For fifteen years, Ken Kocienda was on the ground floor at Apple as a principal software engineer on the original iPhone, iPad, and the first Safari web browser. Working side-by-side with Steve Jobs gave Kocienda a rare insider’s view into the most creative business communicator of our time.

After reading Kocienda’s book, Creative Selection, I had an email exchange with the author to discuss Jobs’ exact process for preparing and rehearsing his awe-inspiring presentations. Steve Jobs approached keynote presentations as an actor in a theatrical production. You should, too. These six steps are critical for anyone who has to give a business presentation.

1. Start rehearsing early.

Kocienda noticed that Steve Jobs wouldn’t wait for the final presentation to be finished before he began to rehearse. Three weeks or even a month ahead of a product launch, Jobs would go the auditorium on the Apple campus and rehearse whatever portions of the presentation had already been built out. He would build the show step by step.

“This was one of Steve’s great secrets of success as a presenter,” Kocienda told me. “He practiced. A lot. He went over and over the material until he had the presentation honed and he knew it cold.”

2. Refine every slide, every line, and every gesture.

Jobs methodically internalized the material on every slide, and in every demo.

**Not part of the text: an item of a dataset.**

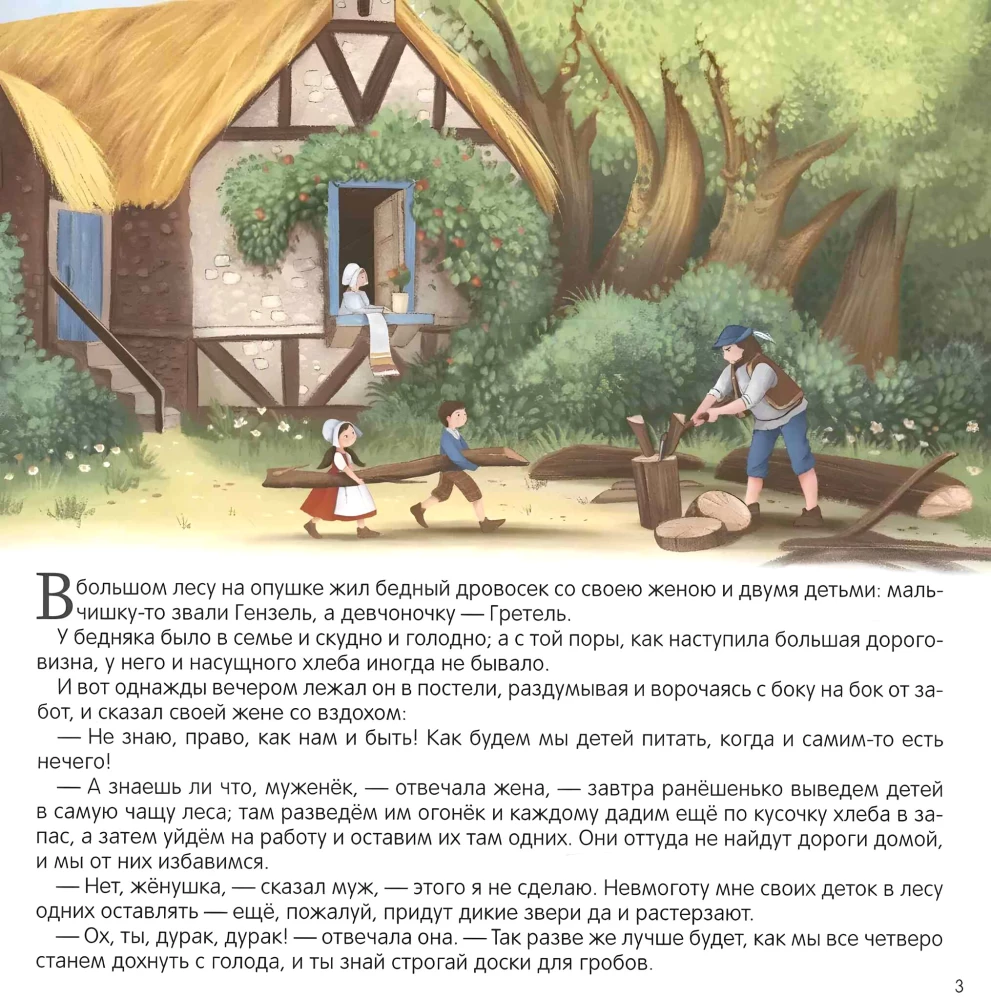 Carousel of Tales. A Collection of Stories for Princesses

According to Kocienda, “Steve thought about what each line meant to him and what those lines could mean to an audience. He worked on pace, on using his voice, his body, and his gestures to supplement his words.”

Remember, an Apple presentation is unlike most typical, text-heavy slides you see in nearly every business presentation. There were no bullet points in a Steve Jobs presentation (there still aren’t in Apple keynote slides). The slides were mostly images, photos, or phrases of only several words that complemented the message. For the audience, minimalism is great. For the speaker, it takes hours of practice to make sure you know what you’re going to say and how you’re going to say it.

3. Rehearse out loud like it’s the real thing.

Jobs practiced in full presentation mode. He raised his volume and changed the tone of his voice and the energy he gave. He used expansive gestures like he was speaking to thousands even if he was rehearsing in front of a handful of executives. In other words, “everything was exactly as if he were presenting to a packed house.”

Practicing out loud even if there’s nobody around to hear is a highly effective technique. I’ve been doing it for years. My colleagues can see me through my office window. They sometimes poke good-natured fun at me when I’m walking around my office with the door closed, talking out loud as if I’m addressing an auditorium of people. It feels awkward, but it works.

4. Ask for feedback during each step of the performance.

Steve Jobs asked his executive team for constructive feedback that would help to make every slide and every phrase even better. Listen to an observation that Kocienda makes in his book: “As needed, he [Jobs] stopped, stepped out of character, reduced the volume of his voice, and asked executives seated in the front row what they thought of some turn of the phrase or whether they believed the ideas flowed together smoothly.”

After listening to the feedback, Jobs would pause, get back into character and continue his practice. Steve Jobs was like an actor on a movie set, practicing take after take until he got it just right.

5. Schedule dress rehearsals in real-world conditions.

On the Saturday and Sunday preceding the week of the first keynote Kocienda participated in, he watched Jobs run through the presentation on stage at San Francisco’s Moscone Center, the location of the event. He rehearsed the entire presentation twice each day. These were “dress rehearsals,” says Kocienda because Jobs showed up his presentation uniform–black mock turtleneck and jeans.

6. Keep the mood light.

Jobs knew when to break up the tension with humor. At the end of one run-through, Jobs got to the last slide and the executives thought he had finished. Instead, Jobs said, “Here’s what I have to say to those people who said our stores would most certainly fail.” He clicked to a new slide that had a phrase I can’t write in this article. He played it straight and brought down the house. Kocienda says, “It’s well known that Steve could be feisty, but he could also be genuinely funny.”

To sum it, Kocienda told me that Jobs “recognized the power of public speaking.” By treating keynote presentations like theatrical performances–and by rehearsing like stage performers do–Jobs elevated the business presentation to an art form.